In this paper, we propose a method for optimizing the distribution of HSR tickets based on the unconstrained demand model. The biggest feature of this method is that in the case of high passenger demand, historical demand data, that is, “censored data”, cannot fully reflect the real needs of passengers. We can effectively solve this problem through an unconstrained method and restore the “real demand” that the ticketing system failed to record.

By using “real demand” as the input variable of the gray neural network prediction model, the prediction accuracy can be effectively improved, and a more accurate prediction value is the guarantee of a reasonable ticket allocation model. Finally, we verified our optimization method with a practical example of China’s HSR, and the total ticket income obtained by this method is 6.80% higher than the unconstrained model optimization method.

Therefore, we can say that it is feasible to introduce ticket allocation optimization methods into China HSR; second, accurate demand forecasting is essential to optimize HSR passenger income. By constructing an unconstrained model of HSR passenger demand and solving it by the EM algorithm, the accuracy of demand forecasting can be improved.
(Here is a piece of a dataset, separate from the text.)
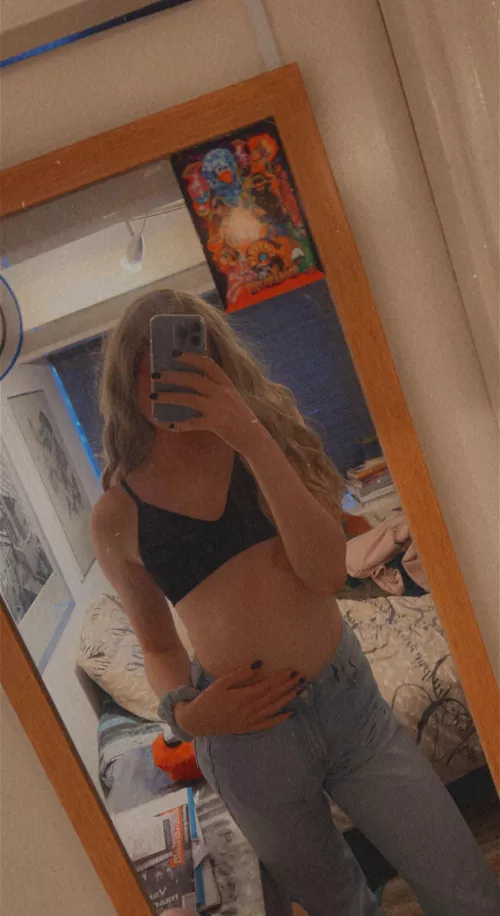 THIS DUMMY FINALLY STARTED HRT 🥰🦆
In our proposed optimization method, the gray neural network combines the advantages of the gray system and the neural network system and can obtain more accurate results when the sample size is small.

We build accurate predivided models and fuzzy predivided models for different OD sections and solve them by designing the particle swarm optimization algorithm. The results show that whether it is a fuzzy predivided model or an accurate predivided model, the results are superior to the original method without unconstrained processing.

Due to the uncertainty of passenger transportation needs, national policies support HSR companies to adjust the number of tickets between different ODs according to demand during the presale period [38]. In addition, with the development of computer hardware technology, big data, and machine learning algorithms [39, 40], the demand forecasting model, differential pricing model, and capacity control model are used in the ticket allocation optimization system to analyze massive ticket data to obtain better results. The demand for ticket allocation plans to meet the needs of passengers has become a reality.

The proposed method here is mainly for HSR transportation with high passenger demand. For ordinary railways, there are also high passenger demands during holidays such as the Spring Festival. Therefore, our method is also applicable to ordinary railways under high demands.

However, our method only considers the unconstrained situation where passenger demand follows a normal distribution. In the future, it can be optimized according to different demand distribution. In addition, this article does not consider differential pricing, but only considers demand forecasting and capacity control during high-speed rail passenger transportation. Therefore, we can continue to study from this point in the future. Finally, we use a static ticket allocation model in the method, and future research may consider incorporating a dynamic ticket allocation model.

Data Availability

The data used to support the findings of this study are available from the corresponding author upon request.

Conflicts of Interest

The authors declare that there are no conflicts of interest regarding the publication of this article.

Acknowledgments

The research presented in this paper was partially supported by the National Natural Science Foundation of China (U1934216), Research Project of China State Railway Group Co., Ltd. (K2019X021, N2019X002, and K2018X012), Research Project of China Academy of Railway Sciences (2019YJ109), Characteristic Innovation Projects of Ordinary Universities of Guangdong Province (2019KTSCX007), and State Key Lab of Subtropical Building Science, South China University of Technology (2020ZB20).